Na razie nie mamy oficjalnej informacji o śmierci Simona M.; musimy na nią poczekać do poniedziałku - powiedział dziennikarzowi RMF FM rzecznik Sądu Okręgowego w Warszawie Wojciech Małek. Według nieoficjalnych informacji Kameruńczyk, oskarżony o zakażenie wirusem HIV kilkunastu kobiet, zmarł w piątek w szpitalu.

Jeżeli ten fakt się potwierdzi, to pewnie tego samego dnia, jak otrzymamy akt zgonu, postępowanie zostanie umorzone - stwierdził sędzia Małek. W czwartek z powodu bardzo złego stanu zdrowia Simona M. sąd zawiesił jego proces.

Prokuratura postawiła Simonowi M. w sumie 13 zarzutów – 11 dotyczyło zakażenia kobiet wirusem, jeden – narażenia kobiety na taką chorobę, a jeden – posiadania bez pozwolenia białej broni. Oskarżony przebywał w areszcie od zatrzymania w styczniu 2007 r. Pod koniec września M. w bardzo złym stanie trafił do szpitala.

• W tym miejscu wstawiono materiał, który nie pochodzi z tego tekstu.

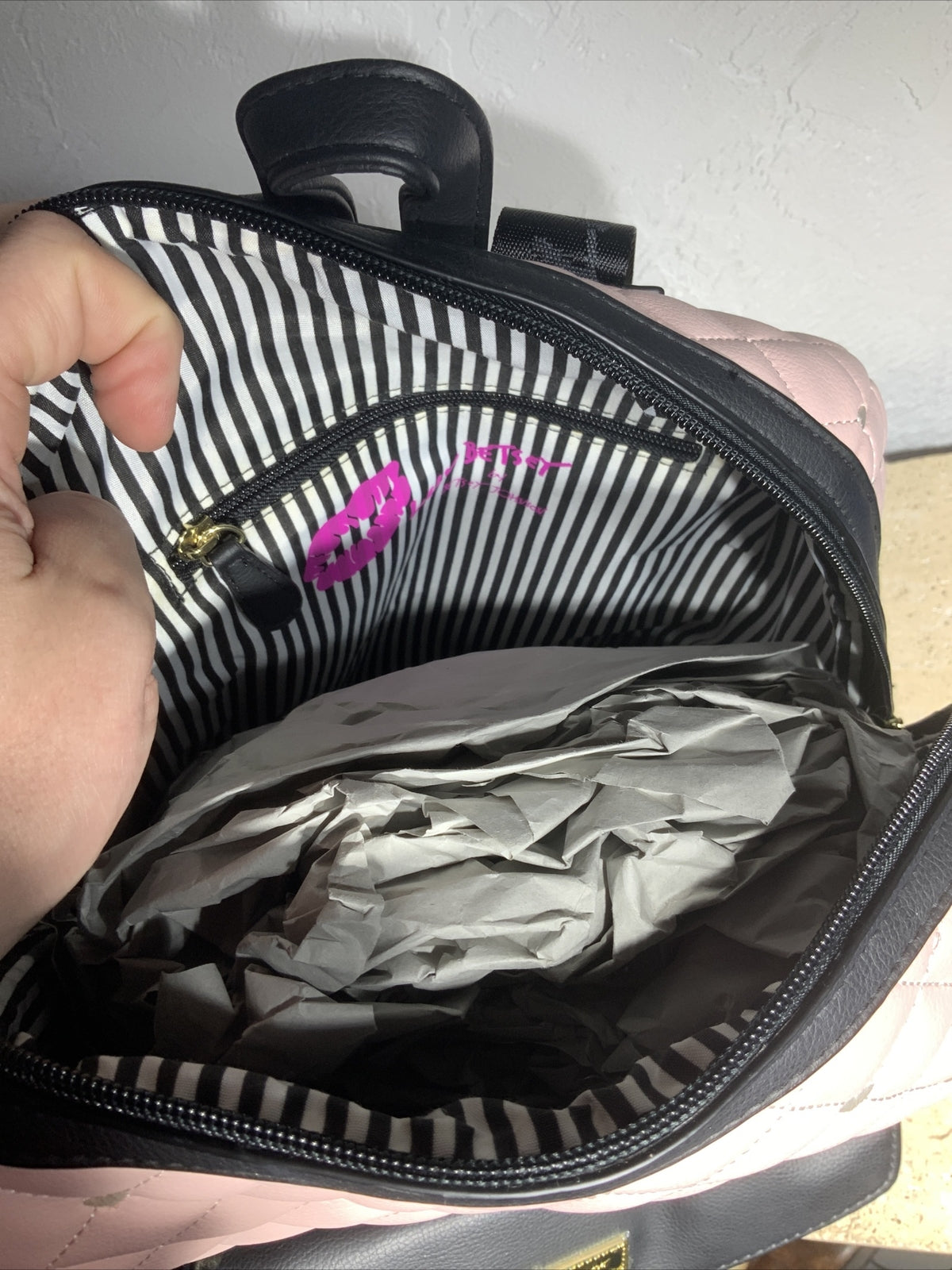 Luv Betsey Johnson LBJAX Quilted Pink/White Combo Backpack Detachable Crossbody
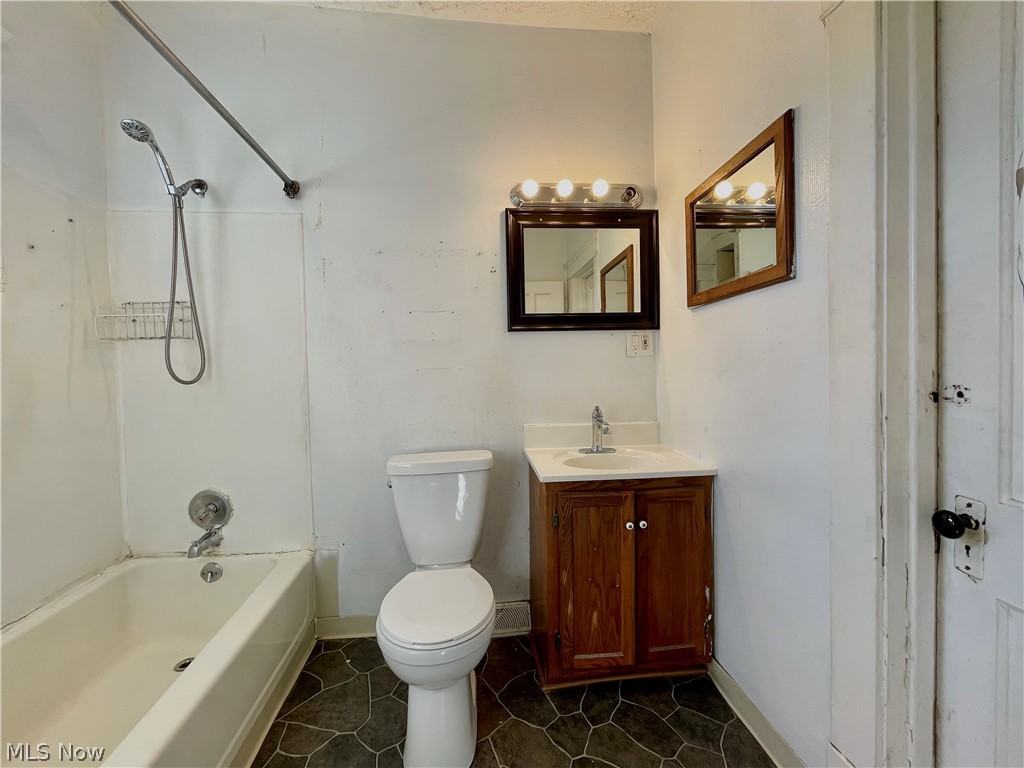 128 Northrup Street Elyria OH 44035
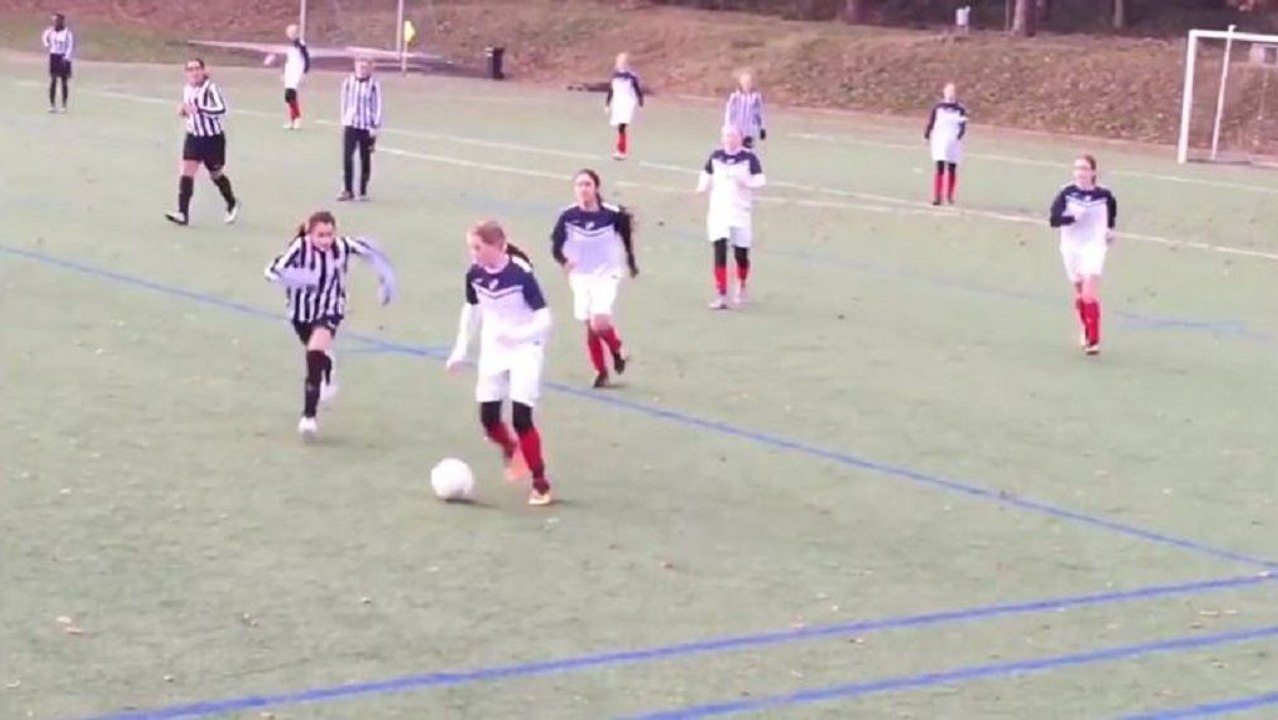 Nach 50 Meter-Solo : C-Juniorin erzielt Traumtor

Sam Kameruńczyk po zatrzymaniu twierdził, że nie zdawał sobie sprawy, że jest chory i że w 1999 r. przechodził badania, które nie wykazały, iż jest nosicielem wirusa HIV. Z ustaleń policji wynika jednak, że o chorobie informowały go m.in. zakażone kobiety. Niektóre z nich mówiły, że działał z premedytacją i oskarżał je o rasizm, gdy chciały się zabezpieczać. Simon M. przedstawiał się jako uchodźca polityczny z Kamerunu, poeta, pisarz i dziennikarz. Przyjechał do Polski w 1999 r.

Kameruńczykowi za popełnione czyny groziło do 10 lat więzienia.